Good Design VS Significant Design

Intellectual Gypsy
Design Behavior Change
4 min readJul 11, 2015

Aesthetics is highly prized in all of the fields of design. Beautiful places and products grace the glossy pages of magazines and win design awards. But aesthetics is subjective. To create some form of consensus designers are all taught the same set of rules or design principles. Design principles are the rock stars in the looks rule perspective. Focused is placed on how the product created adheres to them. Logic dictates that if the product follows the principles then it is good design.

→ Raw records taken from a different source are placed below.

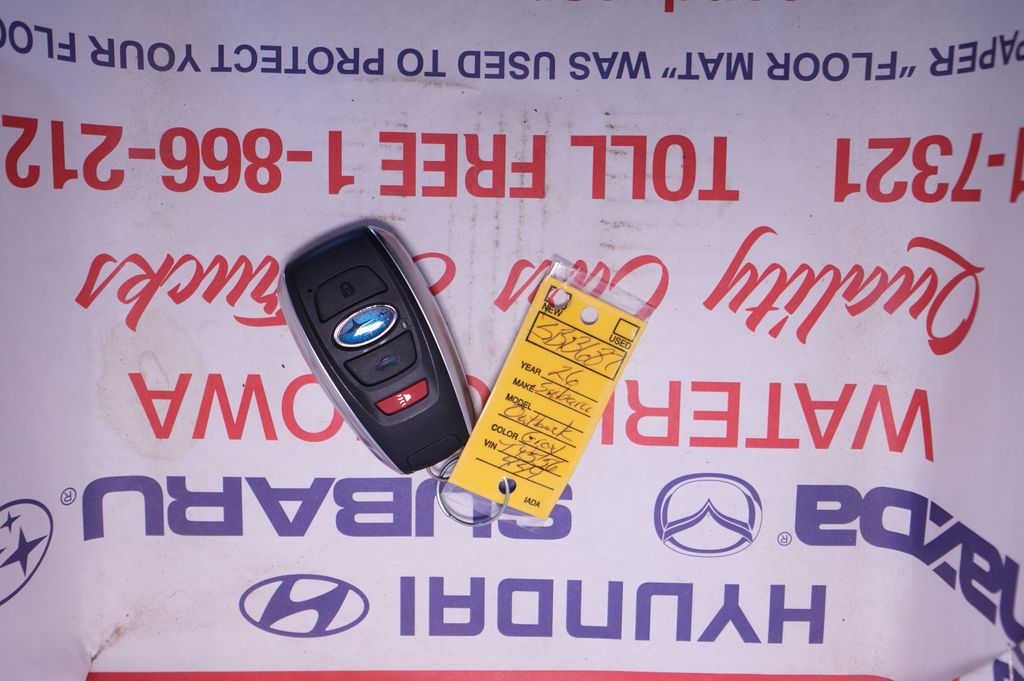 2026 Subaru Outback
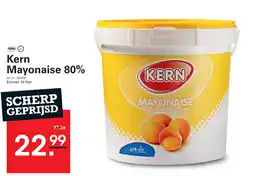 Sligro Kern Mayonaise 80% aanbieding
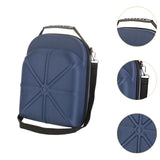 Maxbell Hard Hat Case for Baseball Caps Portable Handbag Hat Holder Ball Cap Carrier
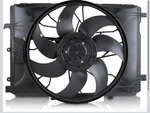Radiator Cooling Fan 47443 Mercedes C/cls/e/sl 2010 2011 2012 2013 2014 2015 New. Price: $195.00.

However design principles are more like guidelines, or elements of a whole. They can be applied in different combinations and create different results. Like ingredients in a recipe, it’s not only what you have but also what you do with what you have that counts. Just because you picked up all of the items on the grocery list doesn’t mean the meal will taste good. Therefore design should not be judged based on an imposed checklist.

Donald Norman, who heads up the Nielson Norman consulting firm, theorized that design appeals to us on three levels: visceral, behavioral and reflective. The first level, visceral, is the attraction of appearance. This is often how design is judged. Looks good is good design. Frank Lloyd Wright designed amazing houses if you didn’t mind a leaky roof. The second level is behavioral and has to do with function. Here the focus is placed on users. Works well is good design. A car with 150,000 miles may still drive well, but I’m betting the paint job is questionable. The third level of appeal is reflective. It involves identity and self worth. We equate status with possession. Everyone wants that latest IPhone, etc… As if it will somehow make us a better person. Highly desired is good design. Even though these levels add more purpose to design, they alone don’t describe what design is capable of.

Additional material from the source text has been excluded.